# DSP1124P gain? M-Audio Uno gotcha



## blekenbleu (Jan 4, 2007)

I took advantage of BFD research done here to avoid MIDI hassles by buying a used unit (Date Code 0801, firmware 1.0). 
I thought I had outsmarted myself when first trying to program filters using REW and an M-Audio Uno USB-to-MIDI dongle,
but M-Audio labeled its MIDI connectors "backwards": IN must be connected to BFD IN.

My computer speakers are pair of Altec 19s and Def Tech PF 12 sub,
and I decided to play and learn with Internet resources available before trundling stuff to the home theater.
I simply inserted the BFD between headphone out and CD in, so got full-range response instead of just subwoofer,
but had good success flattening response between 26 and 80Hz.

I am using the built-in Sigma Tel headphone/microphone sound in a Dell D520 laptop with external attenuation and DC decoupling for an old RS 33-2050;
I decided to check the loop-back frequency response of the sound card and
BFD and was surprised to discover that BFD output is over 10x input.
This is with filters bypassed, monaural 1/4 phone plugs into the BFD to force its balanced in and out to unbalanced.
To compensate, I added an additional 12:1 attenuation for the 1/4 jack on my laptop mic input kludge.
I found nothing in Behringer's specifications or the FAQ here to suggest that BFDs have other than unity nominal gain.... did I miss something?


----------



## brucek (Apr 11, 2006)

> I found nothing in Behringer's specifications or the FAQ here to suggest that BFDs have other than unity nominal gain.... did I miss something?

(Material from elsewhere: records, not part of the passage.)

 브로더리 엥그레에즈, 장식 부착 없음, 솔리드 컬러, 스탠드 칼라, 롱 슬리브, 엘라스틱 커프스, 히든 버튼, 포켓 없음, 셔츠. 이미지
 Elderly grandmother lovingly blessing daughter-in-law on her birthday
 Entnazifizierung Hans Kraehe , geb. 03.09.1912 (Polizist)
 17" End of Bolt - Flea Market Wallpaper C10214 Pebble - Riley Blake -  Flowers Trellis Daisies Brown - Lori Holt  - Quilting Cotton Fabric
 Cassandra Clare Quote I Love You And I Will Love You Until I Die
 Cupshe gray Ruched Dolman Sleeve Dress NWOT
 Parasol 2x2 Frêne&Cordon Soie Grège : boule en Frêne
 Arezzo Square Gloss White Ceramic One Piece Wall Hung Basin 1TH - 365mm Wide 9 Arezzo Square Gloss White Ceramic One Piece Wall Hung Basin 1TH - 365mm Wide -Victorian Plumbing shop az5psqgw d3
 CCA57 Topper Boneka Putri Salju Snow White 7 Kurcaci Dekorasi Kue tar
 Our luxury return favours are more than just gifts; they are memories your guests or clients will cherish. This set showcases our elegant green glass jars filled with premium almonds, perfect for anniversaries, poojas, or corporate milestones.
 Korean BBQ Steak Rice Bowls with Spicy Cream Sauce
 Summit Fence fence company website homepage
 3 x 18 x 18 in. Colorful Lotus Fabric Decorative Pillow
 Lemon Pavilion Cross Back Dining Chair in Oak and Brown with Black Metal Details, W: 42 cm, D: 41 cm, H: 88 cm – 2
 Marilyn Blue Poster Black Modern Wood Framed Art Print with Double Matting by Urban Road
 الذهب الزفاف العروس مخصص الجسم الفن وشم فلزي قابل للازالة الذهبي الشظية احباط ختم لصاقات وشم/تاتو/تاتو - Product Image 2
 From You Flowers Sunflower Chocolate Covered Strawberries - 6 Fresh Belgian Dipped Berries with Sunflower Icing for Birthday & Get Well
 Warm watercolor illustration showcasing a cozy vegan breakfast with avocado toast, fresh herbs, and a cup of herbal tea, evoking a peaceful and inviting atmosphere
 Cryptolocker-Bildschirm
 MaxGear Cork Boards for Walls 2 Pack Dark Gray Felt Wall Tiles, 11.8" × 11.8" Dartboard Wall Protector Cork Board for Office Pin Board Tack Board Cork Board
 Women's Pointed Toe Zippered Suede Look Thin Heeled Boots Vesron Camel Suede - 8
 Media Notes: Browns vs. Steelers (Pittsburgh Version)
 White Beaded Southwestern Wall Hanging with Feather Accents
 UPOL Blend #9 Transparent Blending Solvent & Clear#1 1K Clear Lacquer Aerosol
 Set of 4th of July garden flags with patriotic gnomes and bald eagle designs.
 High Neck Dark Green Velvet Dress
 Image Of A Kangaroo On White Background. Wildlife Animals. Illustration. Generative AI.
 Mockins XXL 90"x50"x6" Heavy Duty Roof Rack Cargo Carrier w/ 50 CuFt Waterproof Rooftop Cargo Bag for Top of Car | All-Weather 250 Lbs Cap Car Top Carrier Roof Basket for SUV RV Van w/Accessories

Nope, it's unity gain with no filters selected. I have checked it several times myself.

Best way to check this is to do a full range frequency response of a couple cables connected together between line-out and line-in of the soundcard, with the mic cal cleared and C-weight unchecked, and the soundcard file loaded. The response chart will of course be a flat line at the target level you have set up.
Now, without changing any levels in REW, breakout the cables where you have them connected together and insert the BFD. The graph in REW will show the response of the BFD. It will also show that the level is the same as with the cable response. Unity gain (actually I show about a 0.5db loss through my BFD as shown in the plots below.....









brucek


----------



## JohnM (Apr 11, 2006)

The gain is in your soundcard's mic input, you need to use a line input.


----------



## blekenbleu (Jan 4, 2007)

JohnM said:


> The gain is in your soundcard's mic input, you need to use a line input.


I found my error; the attenuator that I cobbled together uses shorting RCA sockets;
unplugging the RCA line (SPL meter) input shorts the 82K resistor for the 82+10k MIC voltage divider,
so I had added a separate 51+4.7k voltage divider (which I erroneously thought was cascaded)
for the 1/4 phone jack input from the BFD... Doh!


----------